President Obama joined the call for humanity to become a multi-planetary species.
“We have set a clear goal vital to the next chapter of America’s story in space: sending humans to Mars by the 2030s and returning them safely to Earth, with the ultimate ambition to one day remain there for an extended time,” the President said in an op-ed piece published by CNN. “Getting to Mars will require continued cooperation between government and private innovators, and we’re already well on our way. Within the next two years, private companies will for the first time send astronauts to the International Space Station.”
Obama’s statement comes shortly after Musk gave a talk at the International Astronautical Congress in Guadalajara, Mexico in which he set forth his plan for colonizing Mars. According to Musk’s vision, SpaceX’s largest and most powerful rocket ever built will carry 100 settlers to the Red Planet. Crew will build a fuel processing facility on Mars that will provide a source of power for the inhabitants and SpaceX’s Interplanetary Transport System that will transport humans from Mars back to earth.
Following the president’s editorial on humans taking the giant leap to Mars, SpaceX spokesperson Phil Larson told The Observer, “SpaceX was founded with the ultimate goal of helping make humans a multi-planetary species. As Elon said at his recent talk, it will take a combination of public and private efforts to build a self-sustaining city on Mars. It’s exciting to see President Obama advocate for the next frontier in human spaceflight, and we look forward to participating in the journey.”
Obama will convene the White House Frontiers Conference in Pittsburgh later this week. Hosted by Carnegie Mellon University and the University of Pittsburgh, the conference will bring together “America’s leading scientists, engineers, innovators and students in Pittsburgh to dream up ways to build on our progress and find the next frontiers,” the president said.
SpaceX is not the only company pushing a Mars agenda forward. NASA is developing a Space Launch System to be used with the Orion spacecraft created by Lockheed Martin. The plan is to set up a “Mars Base Camp” space station in Martian orbit using SLS and Orion rather than going straight to landing people on the surface of Mars. That effort is targeted for sometime after 2030.

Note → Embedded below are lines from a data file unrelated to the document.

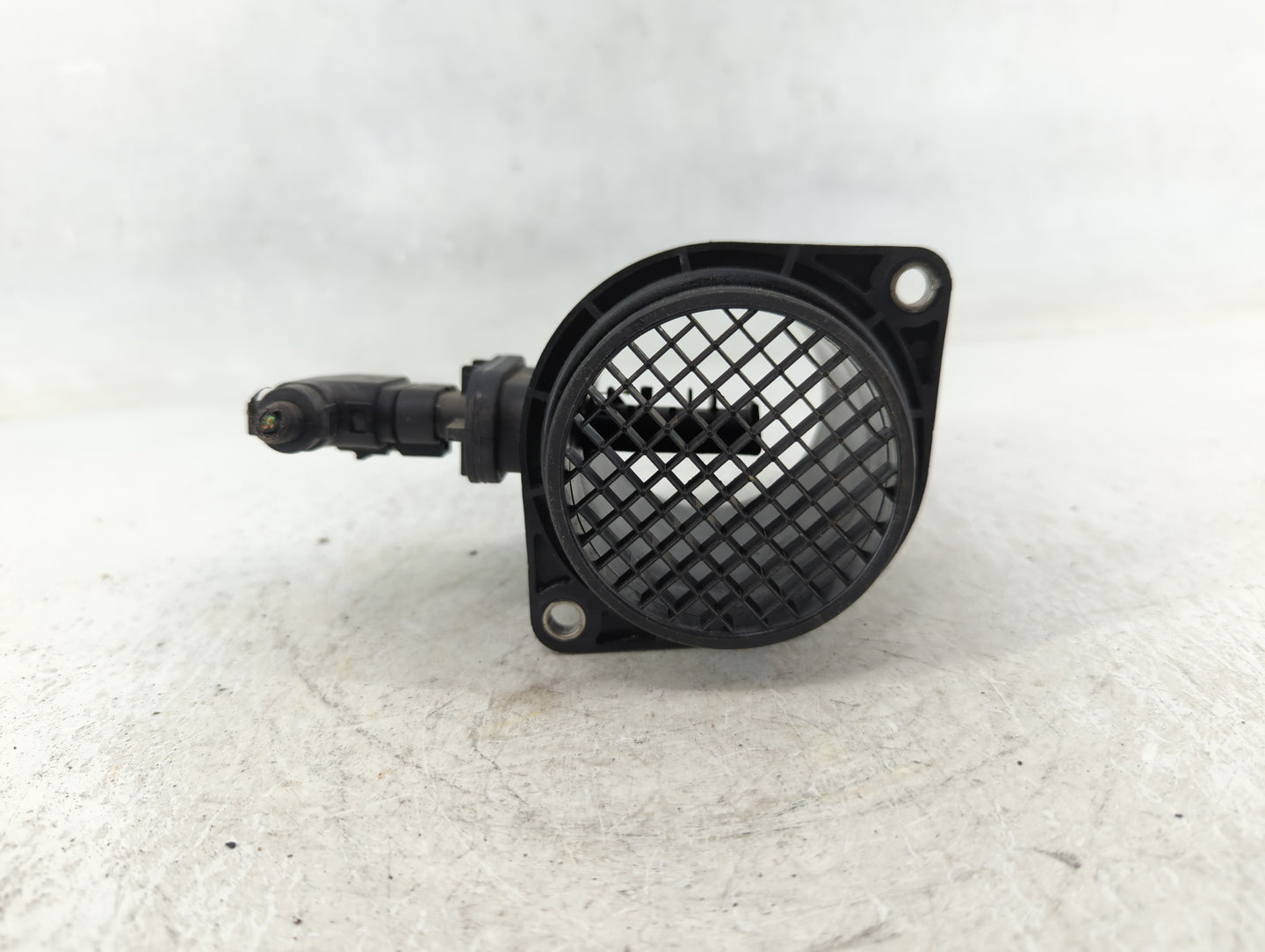 2017-2020 Kia Niro Mass Air Flow Meter Maf - Oemusedautoparts1.com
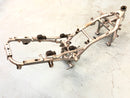Moto Guzzi Stelvio 1200 8V [2011] - Ram med pappersolycka - Gratis-5
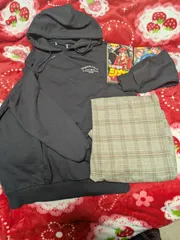 くまくま様ご専用です♡３点セット♡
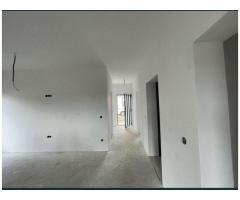 BRASADAS vinde casa tip PARTER in Odoreu, cartierul Olimp. - Imagine 3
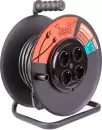 Удлинитель на катушке Sundays Electric УКМ04-3506 (30м) icon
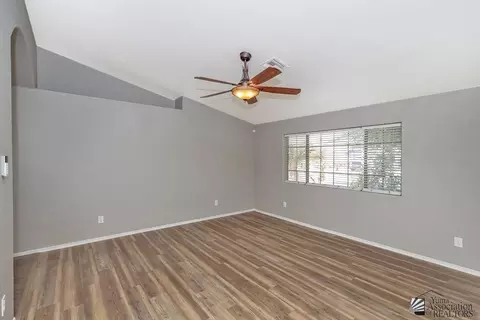 Living - 6257 E 47 St, Yuma, AZ 85365 photo 1 of 8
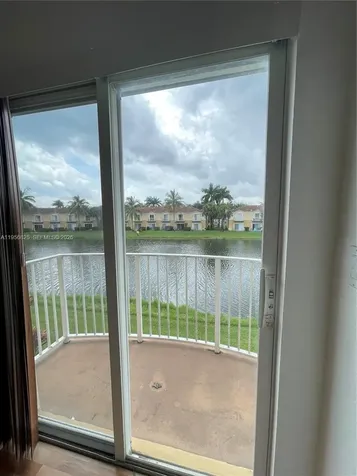12874 SW 31st Street Miramar FL 33027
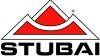 Stubai ZMV Ersatzachse Profifix  gallery 34_2nd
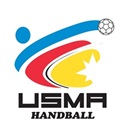 logo club usma handball aout 2022 middle small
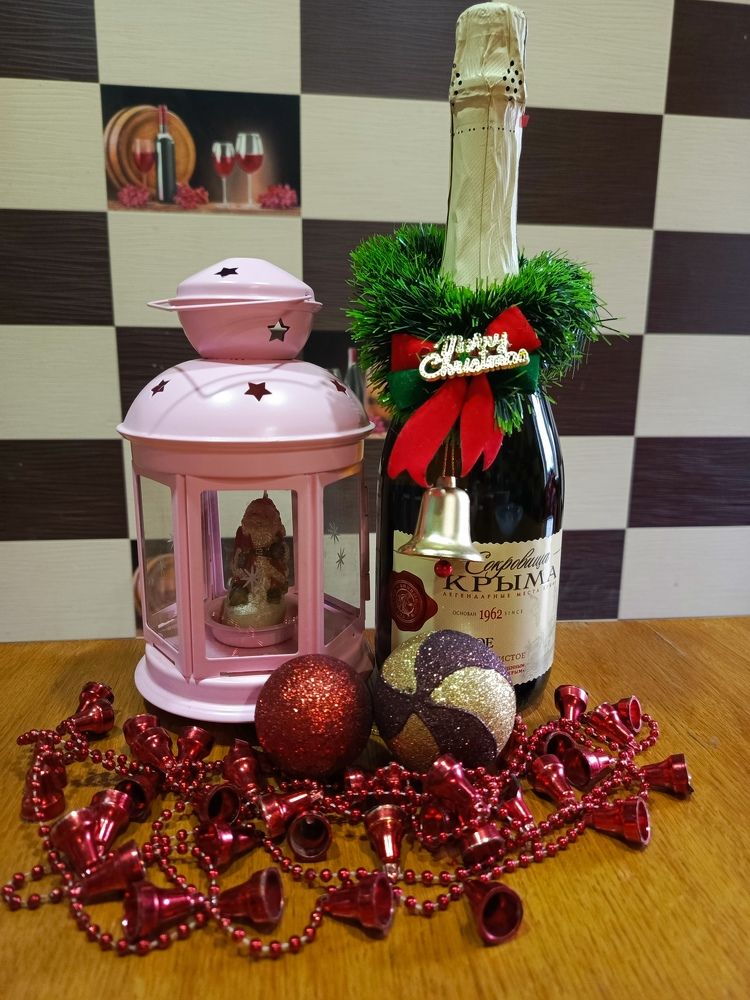 Photograph by Татьяна Пальчикова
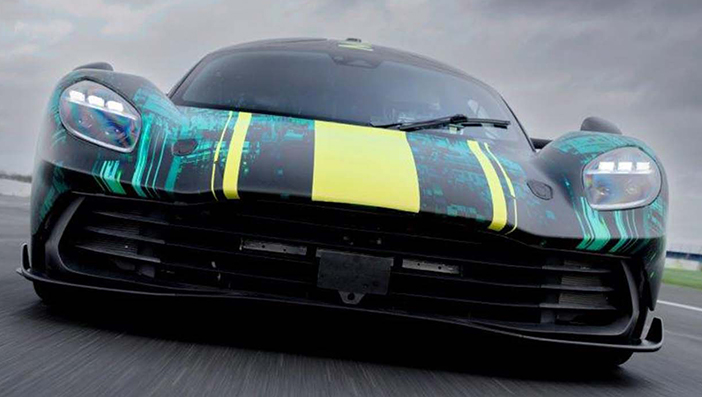 AstonMartinValhallaPrototype3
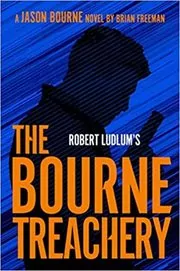The Bourne Treachery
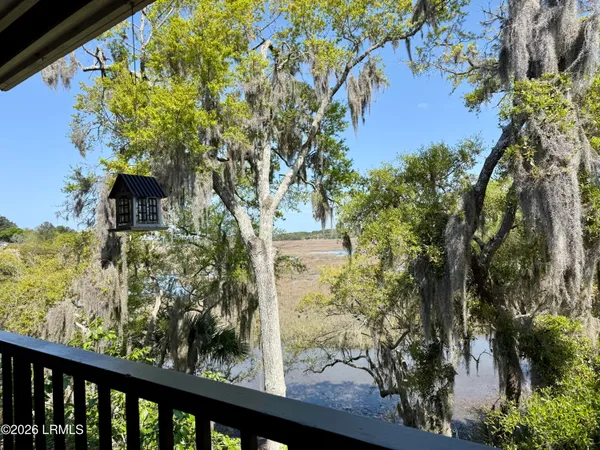 $274,900 | 2201 Boundary Street, Unit 311, Beaufort, SC 29902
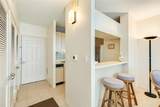 1401 Beach Drive - Photo 11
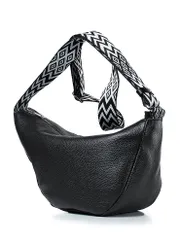 Torba Galanteya #22s2773k45 chernyj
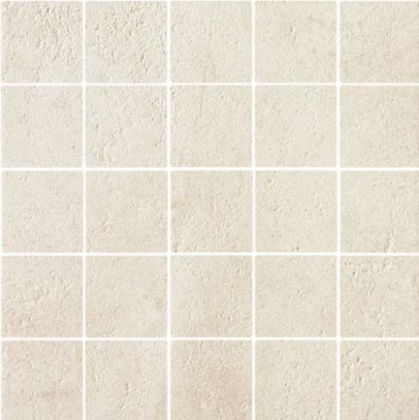 Casalgrande Padana Pietre Di Sardegna Mosaico Porto Rotondo 6x6 30x30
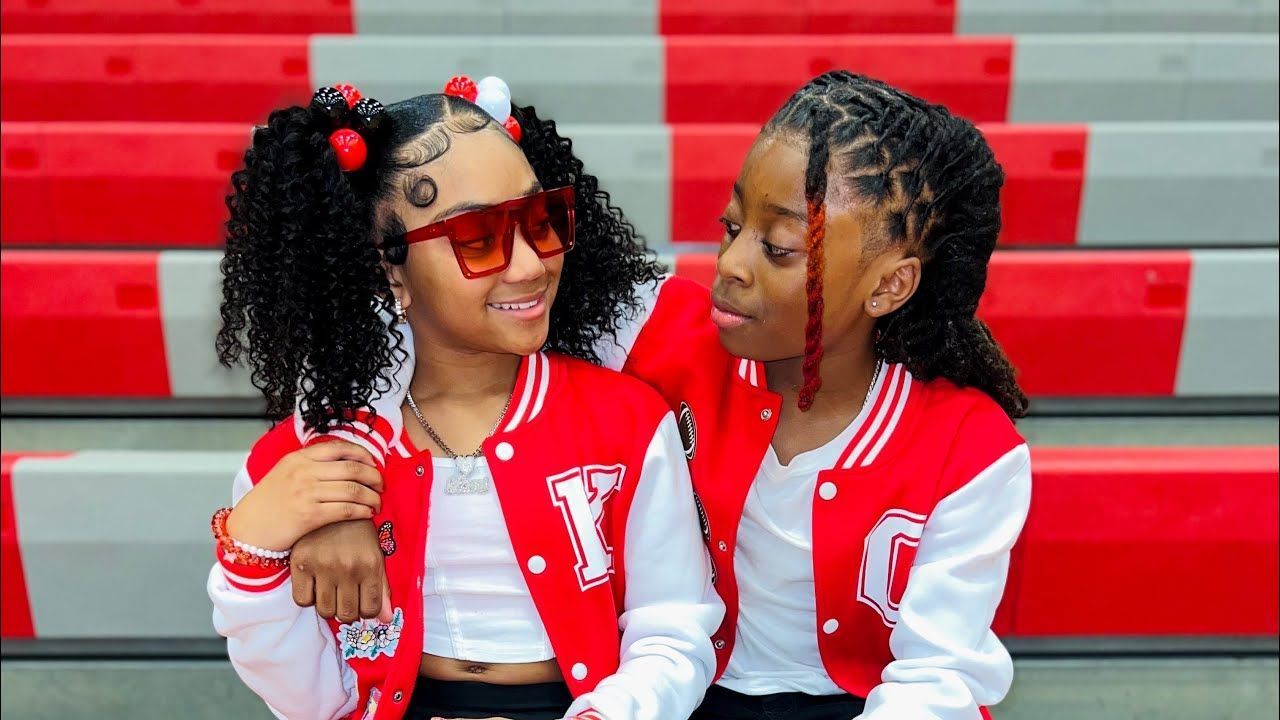 Lani Love Wallpapers - Top Free Lani Love Backgrounds - WallpaperAccess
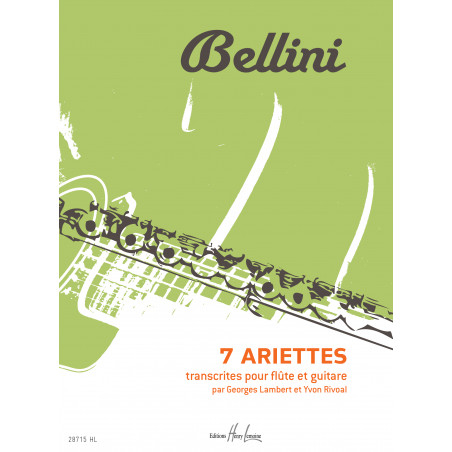 28715-bellini-vincenzo-ariettes-7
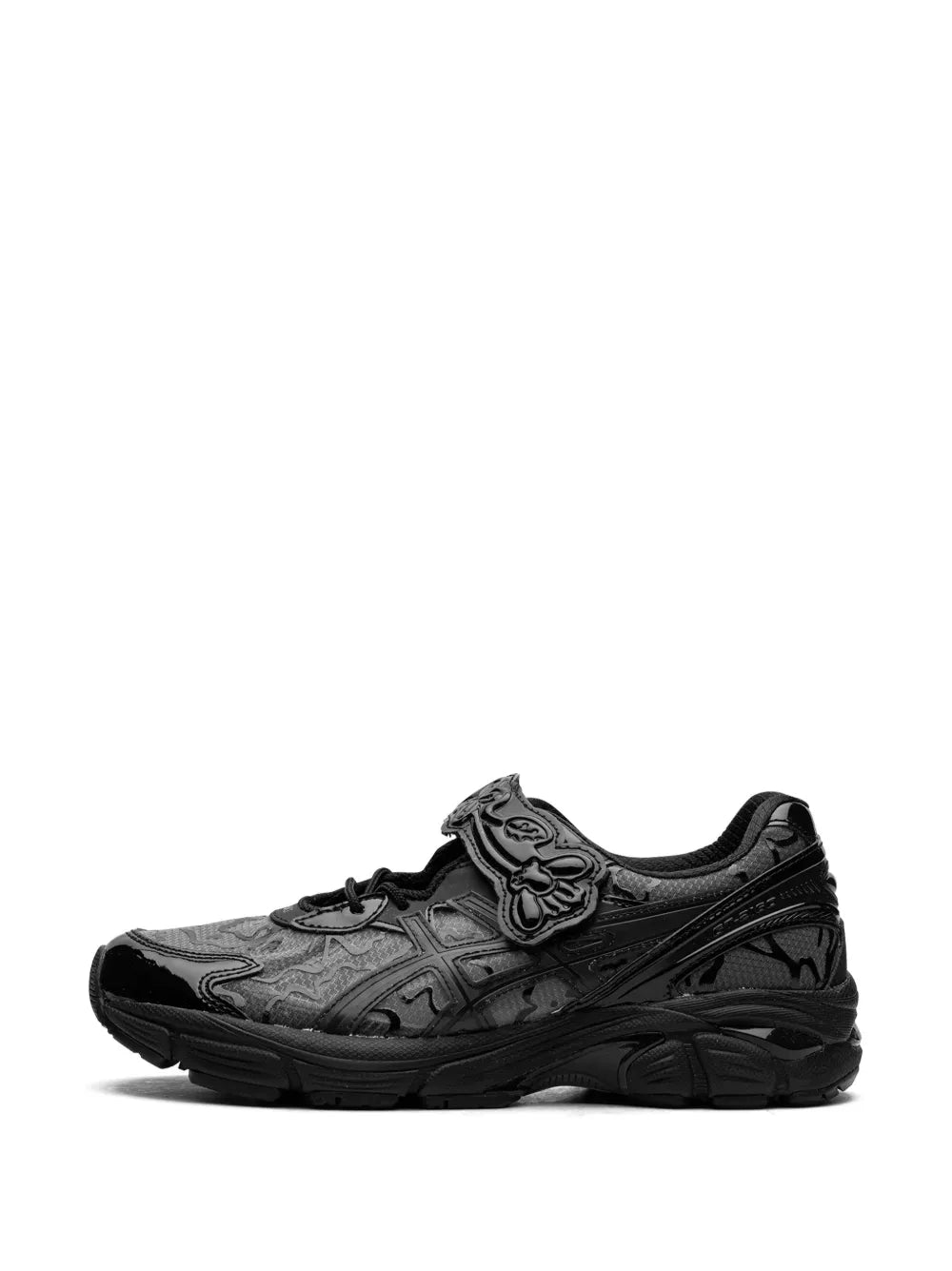 ASICS X Cecilie Bahnsen Gt-2160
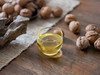 老树核桃油 商品缩略图2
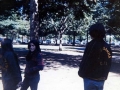 img_1213966737_922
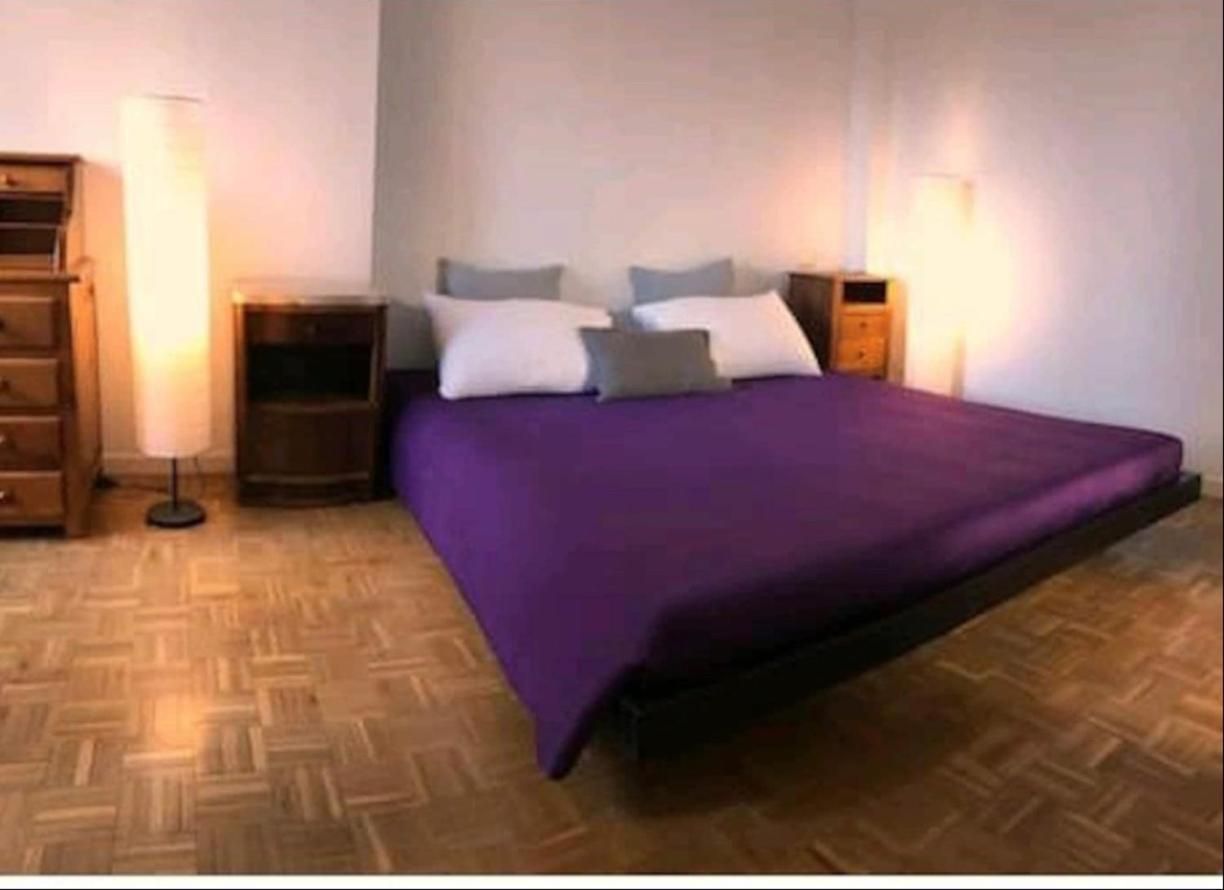 Romantic Central Terrace Madrid Ngoại thất bức ảnh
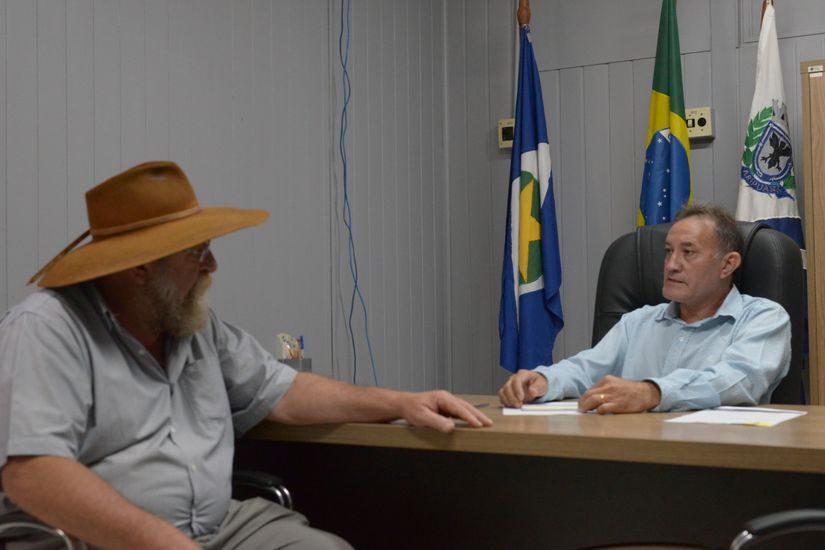Imagem: Divulgação / Assessoria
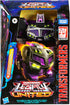 Transformers Legacy United Voyager Class Animated Universe Decepticon Motormaster, 7-inch Action Figure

Not to be left behind, Boeing’s CEO Dennis Muilenburg stated last week that his company will be the first to transport humans to Mars. In addition, he foresees at number of tourist destinations orbiting the earth that people will be able to fly to in order to leave their earthly cares behind.
Getting to Mars will require cooperation from many public and private organizations. Competition is good, but building three different rockets and three different space transport systems would seem to be wildly inefficient. No doubt there will be some convergence between the various programs over time.
But Musk, as usual, is the one pushing the envelope the furthest and the fastest. He plans to send an unmanned mission to Mars as early as 2018 and expects the first Mars colony to be operational within a decade. SpaceX may need the help of NASA and others to meet its goals, but there is no question that, when it comes to Mars, Elon Musk plans to get there first.